Message 604 of 606 | Pre
 
X

xhoster

Gancy said:
Here is the snipet of the perl script, I have perl version v5.8.5 built
for sun4-solaris. I have run this script on thousands of 'c','C++'
headers and source files. Runs smoothly as my new ESTEEM car. But i
have one surce file toke.c in my test case. soon this scripts hits this
file at it dumps.

You are using a highly experimental feature of Perl. I guess the
experiment failed in your case. Can you monitor memory usage and see if it
becomes exorbitant somehwere? Perhaps from excessive nesting of
paranthesis in the toke.c file?

I can't make it coredump with a simple test case below, but it doesn't
seem to give the right answer, either. It seems like it should always
matche the outermost set of parenthesis, but it doesn't:

my $re = qr{\((?:(?>[^()]+)|(??{$re}))*\)};
my $x='(j)';
foreach (1..10) {
print "Starting loop $_ $x\n";
print "matched $1\n" if $x=~/($re)/;
$x = "($x)";
};
__END__
Starting loop 1 (j)
matched (j)
Starting loop 2 ((j))
matched ((j))
Starting loop 3 (((j)))
matched ((j))
Starting loop 4 ((((j))))
matched ((j))
Starting loop 5 (((((j)))))
matched ((j))
Starting loop 6 ((((((j))))))
matched ((j))
Starting loop 7 (((((((j)))))))
matched ((j))
Starting loop 8 ((((((((j))))))))
matched ((j))

Xho
 
X

xhoster

Gancy said:
Here is the snipet of the perl script, I have perl version v5.8.5 built
for sun4-solaris. I have run this script on thousands of 'c','C++'
headers and source files. Runs smoothly as my new ESTEEM car. But i
have one surce file toke.c in my test case. soon this scripts hits this
file at it dumps.

Is this feature still considered highly experimental in 5.8.5? I guess the
experiment failed in your case. Can you monitor memory usage and see if it
becomes exorbitant somehwere? Perhaps from excessive nesting of
paranthesis in the toke.c file?

I can't make it coredump with a simple test case below, but it doesn't
seem to give the right answer, either. It seems like it should always
matche the outermost set of parenthesis, but it doesn't:

(I should mention, I'm using 5.8.0)

my $re = qr{\((?:(?>[^()]+)|(??{$re}))*\)};
my $x='(j)';
foreach (1..10) {
print "Starting loop $_ $x\n";
print "matched $1\n" if $x=~/($re)/;
$x = "($x)";
};
__END__
Starting loop 1 (j)
matched (j)
Starting loop 2 ((j))
matched ((j))
Starting loop 3 (((j)))
matched ((j))
Starting loop 4 ((((j))))
matched ((j))
Starting loop 5 (((((j)))))
matched ((j))
Starting loop 6 ((((((j))))))
matched ((j))
Starting loop 7 (((((((j)))))))
matched ((j))
Starting loop 8 ((((((((j))))))))
matched ((j))

Xho
 
A

Anno Siegel

Is this feature still considered highly experimental in 5.8.5? I guess the
experiment failed in your case. Can you monitor memory usage and see if it
becomes exorbitant somehwere? Perhaps from excessive nesting of
paranthesis in the toke.c file?

I can't make it coredump with a simple test case below, but it doesn't

[...]

I have replied to this in the other thread the OP started about it. To
summarize: It does indeed segfault with toke.c from the perl source
(v5.8.6) as the input. The reason is simple: The recursive regex goes
into deep recursion. Perl doesn't warn about that, that's the bug, if
there is one. Otherwise, it's just that the regex is broken.

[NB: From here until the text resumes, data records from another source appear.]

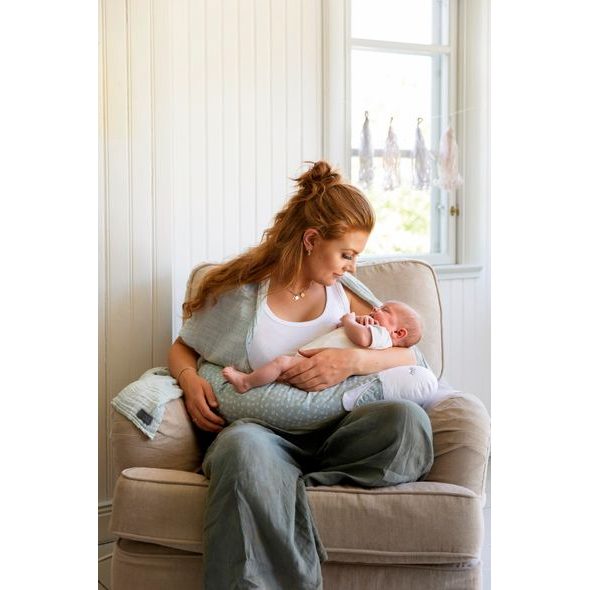 VINTER & BLOOM NORDIC LEAF MANTINEL A KOJÍCÍ POLŠTÁŘ MILD GREEN - KOJÍCÍ POLŠTÁŘE - KRMENÍ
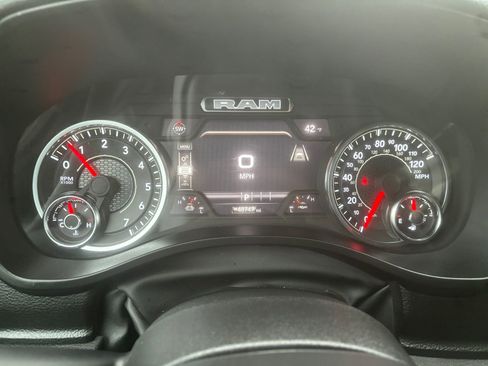 Used 2025 RAM 1500 Laramie image 25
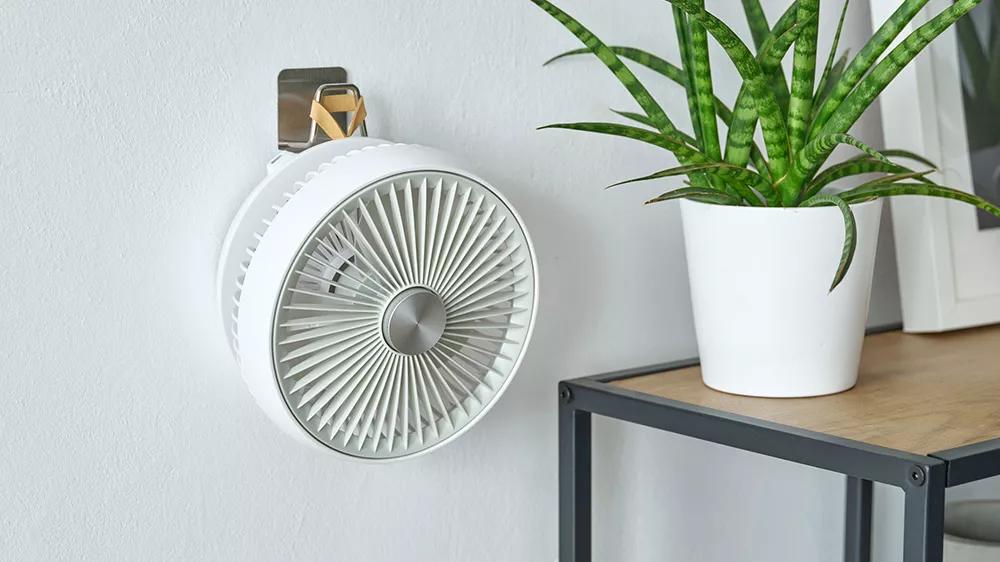 Zavě&scaron;en&yacute; přenosn&yacute; stoln&iacute; ventil&aacute;tor Sencor SFE 0773WH_03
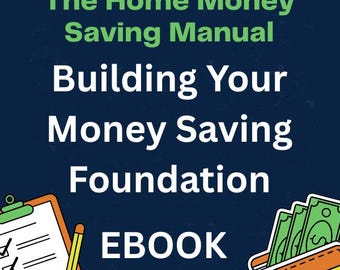 Könnte beinhalten: Ein digitales E-Book-Cover mit dem Titel The Home Money Saving Manual Building Your Money Saving Foundation EBOOK. Der dunkelblaue Hintergrund zeigt ein weißes Klemmbrett mit einer Checkliste, einen gelben Stift und eine orangefarbene Geldbörse mit grünem Bargeld.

I am only slightly curious what bit of legal C in toke.c is throwing
it. The OP claims it ran fine with many other sources.

Anno
 
X

xhoster

Is this feature still considered highly experimental in 5.8.5? I guess
the experiment failed in your case. Can you monitor memory usage and
see if it becomes exorbitant somehwere? Perhaps from excessive nesting
of paranthesis in the toke.c file?

I can't make it coredump with a simple test case below, but it doesn't

[...]

I have replied to this in the other thread the OP started about it.

Multiposting strikes again! Gancy, shame on you.


To
summarize: It does indeed segfault with toke.c from the perl source
(v5.8.6) as the input. The reason is simple: The recursive regex goes
into deep recursion. Perl doesn't warn about that, that's the bug, if
there is one. Otherwise, it's just that the regex is broken.

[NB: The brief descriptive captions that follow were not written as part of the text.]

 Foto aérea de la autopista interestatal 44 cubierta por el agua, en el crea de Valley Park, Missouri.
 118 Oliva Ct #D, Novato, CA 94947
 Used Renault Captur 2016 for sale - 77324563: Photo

His regex seems to come right out of the documentation (serves as an
example for use of (??{}) feature in perldoc perlre), which doesn't
necessarily means it isn't broken, but it does give it enough exposure that
I was interested in looking into it. But I looked into, was confused,
and gave up.

Xho
 
A

Anno Siegel

Here is the snipet of the perl script, I have perl version v5.8.5
built for sun4-solaris. I have run this script on thousands of 'c',
'C++' headers and source files. Runs smoothly as my new ESTEEM car.
But i have one surce file toke.c in my test case. soon this scripts
hits this file at it dumps.

Is this feature still considered highly experimental in 5.8.5? I guess
the experiment failed in your case. Can you monitor memory usage and
see if it becomes exorbitant somehwere? Perhaps from excessive nesting
of paranthesis in the toke.c file?

I can't make it coredump with a simple test case below, but it doesn't

[...]

I have replied to this in the other thread the OP started about it.

Multiposting strikes again! Gancy, shame on you.


To
summarize: It does indeed segfault with toke.c from the perl source
(v5.8.6) as the input. The reason is simple: The recursive regex goes
into deep recursion. Perl doesn't warn about that, that's the bug, if
there is one. Otherwise, it's just that the regex is broken.

His regex seems to come right out of the documentation (serves as an
example for use of (??{}) feature in perldoc perlre), which doesn't
necessarily means it isn't broken, but it does give it enough exposure that
I was interested in looking into it. But I looked into, was confused,
and gave up.

Ah, that's where it's from.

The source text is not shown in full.